1. Line breaks: From pages f103 onwards we see many pages in which the ‘sense units’ seem to be clearly demarcated by simple line breaks, with each new sense unit demarcated by a star on a string or a flower. See e.g.:
This might seem too obvious to mention, but if we assume, as seems likely, that each ‘paragraph’ of these pages represents one ‘sentence’, then closer examination could elucidate some properties of the typical Voynich ‘sentence’, and even its sentence structure.
2. Specific signs: Some of the the famous ‘gallows’ characters’, in particular those transcribed in the EVA system as ‘p’ and ‘f’ do appear to act as initiating discourse markers, flagging up the start of sections. They are often decorated, which seems to add to the possibility that they are discourse ‘flags’ of some sort.
As Currier noted years ago, “[t]hey ( p , f ) appear 90-95% of the time in the first lines of paragraphs, in some 400 occurrences in one section of the manuscript.”. This in itself implies that they are being used to indicate or highlight the first line of a text.

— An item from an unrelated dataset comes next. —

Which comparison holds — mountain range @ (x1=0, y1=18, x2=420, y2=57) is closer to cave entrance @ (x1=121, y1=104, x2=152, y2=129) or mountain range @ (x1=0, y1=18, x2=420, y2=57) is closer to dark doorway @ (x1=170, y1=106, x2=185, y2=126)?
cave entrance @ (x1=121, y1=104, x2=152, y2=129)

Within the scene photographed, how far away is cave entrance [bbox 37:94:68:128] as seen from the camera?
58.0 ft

More to the point they occur 107 times as page initial (93 pages with ‘p’ and 14 with ‘f’). Since it is highly unlikely that the author could find actual words beginning with these letters to start these pages, it is plausible to suggest that the symbols are perhaps semantically empty markers used simply to flag the start of a page or section, just as we use a semantically empty full-stop to indicate the end of a sense unit.

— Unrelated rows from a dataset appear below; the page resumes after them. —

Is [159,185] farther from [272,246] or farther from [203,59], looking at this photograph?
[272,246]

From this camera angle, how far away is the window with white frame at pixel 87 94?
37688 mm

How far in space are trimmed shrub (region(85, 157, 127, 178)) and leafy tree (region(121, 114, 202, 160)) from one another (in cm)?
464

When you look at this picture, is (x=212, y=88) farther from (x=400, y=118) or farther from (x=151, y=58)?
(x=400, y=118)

If you use the wonderful new tool at www.voynichese.com you can see that Currier was largely correct with respect to EVA ‘p’ and ‘f’. However, note that EVA ‘k’ and ‘t’ are far more common and seem not to be limited so much to the first lines, which suggests that they are far more than simple ‘initiating markers’ .
3. Lexical discourse markers: Another possible discourse marker, which could act to indicate to the reader the ways in which ideas link together, could be the most common word in the manuscript, transcribed in EVA as ‘daiin’. In my 2012 paper I suggested that this word might be the equivalent of a comma, or ‘and’. Let me revisit some of that paper here.

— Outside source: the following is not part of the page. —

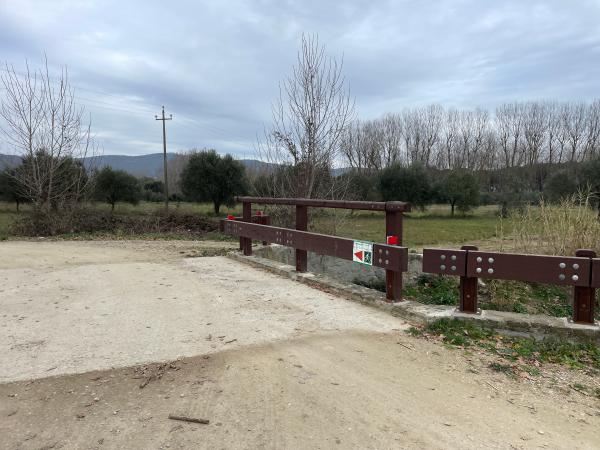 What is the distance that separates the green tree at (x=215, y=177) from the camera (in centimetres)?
3378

My argument started from the last page of the manuscript (116 v), and the analysis offered by Johannes Albus at the Voynich 100 conference in Italy, in which he argued that the text is a recipe in Latin and German, with two words in ‘Voynichese’. He explained that the text prescribed a way of using Billy Goat’s liver as a remedy for wet rot, a skin condition, and his analysis was supported by numerous examples from contemporary recipes and other sources, as well as by reference to the picture of the goat and liver in the margin. I reproduce the original page here.
Albus’ transcription and gloss is as follows:
Transcription with abbreviations and omissions in square brackets
Translation (Johannes Albus)
|Billy goat´s liver for wet rot
At the membrane you gave oil, then you bring a lot of the much(?) wax, in a
fixed mixture: 9 hands full, 9 morsels (from) the only just double mature
… … (two ciphered words), squash it into a paste, then take goat´s milk.
The fact that the text contains two words in Voychinese is significant, since it means that it was not simply a later addendum by an unrelated scribe, but is linked at least tangentially to the rest of the VM. As such it could serve as a help to its interpretation, for reasons we can now consider.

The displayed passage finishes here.